Quando o sexo era bom este era o comportamento habitual, esgueirava-se para fora da cama e postava-se de frente para a escuridão. Às vezes a fumar, outras a beber, ficava ali durante muitos minutos refletindo e divagando. Nestes momentos nunca conversava, apenas calava e mirava.
No começo estranhei a atitude, achando que havia feito, ou dito, algo de errado para tal. Com o passar do tempo acostumei-me com o ritual. Normalmente limitava-me a apreciar aquela bela silhueta reflexiva enquanto me perdia em meus próprios devaneios até cair num sono sereno e tranqüilo.

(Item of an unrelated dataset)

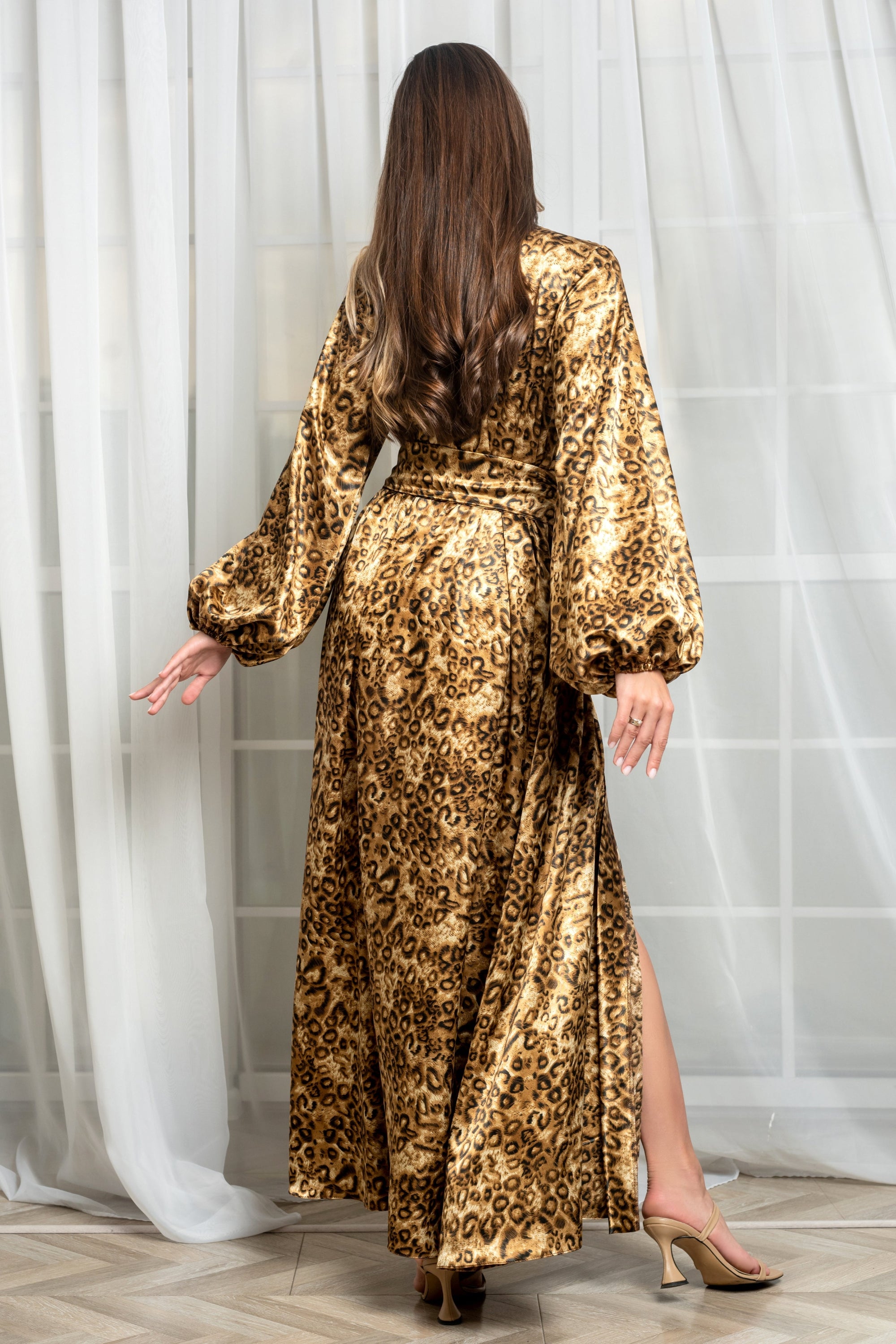 Woman wearing a gold leopard print dress with a white curtain background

Mas esta noite, antes que eu pudesse adormecer completamente, ela virou-se para mim e encarou-me com seu corpo despido, levemente eriçado pela brisa e fracamente iluminado pelo luar. Parecia ainda mais linda do que o habitual. Seu semblante sereno tomara a forma de uma leve expressão de dúvida e sua postura desafiadora lembrava-me uma Esfinge que de forma indiferente propunha: Decifra-me ou te devoro.
Intimamente suspeitava que esta hora chegaria, todo aquele pensar culminaria em alguma conclusão que inevitavelmente seria comunicada a mim em algum momento. Desconhecia o tema e o método, mas sabia que traria alguma implicação para minha pessoa. E lá estava ela, rígida e imóvel como uma estátua de alabastro a me encarar. O próximo passo era meu, e seria fundamental para o futuro do nosso relacionamento.
Hoje creio que a melhor escolha teria sido fechar os olhos e simular um sono profundo, ao invés de um inocente “O que foi?”. Ela aproximou-se da cama e friamente perguntou o que era o amor para mim. Era uma pergunta capciosa, daquelas que não há uma resposta certa. Pensei rapidamente em responder que para mim era uma ilusão, uma fantasia que criávamos e buscávamos para nos sentir bem, mas no último instante cedi à alternativa romântica da complementaridade das almas. Em seguida perguntou-me maliciosamente se eu a amava. Ao que prontamente respondi com uma afirmativa efusiva. A essa altura já estava parcialmente devorado pela bela criatura mitológica, mas só percebi quando adveio a terceira e última pergunta do enigma “E por que não o praticas conforme descreveu?”.
Argumentei como pude, um pouco confuso e desconexo confesso. Porém ela foi inflexível na sua conclusão, afirmou que eu era platônico e incongruente, que idealizava o real e praticava algo totalmente divergente. Em suma, que vivia em um mundo inteiramente descolado da realidade e que assim a estava prejudicando. Foi aí que subitamente caíram-me os butiás dos bolsos e pude compreender a situação: “Fodeu! A sonhadora era empirista.”.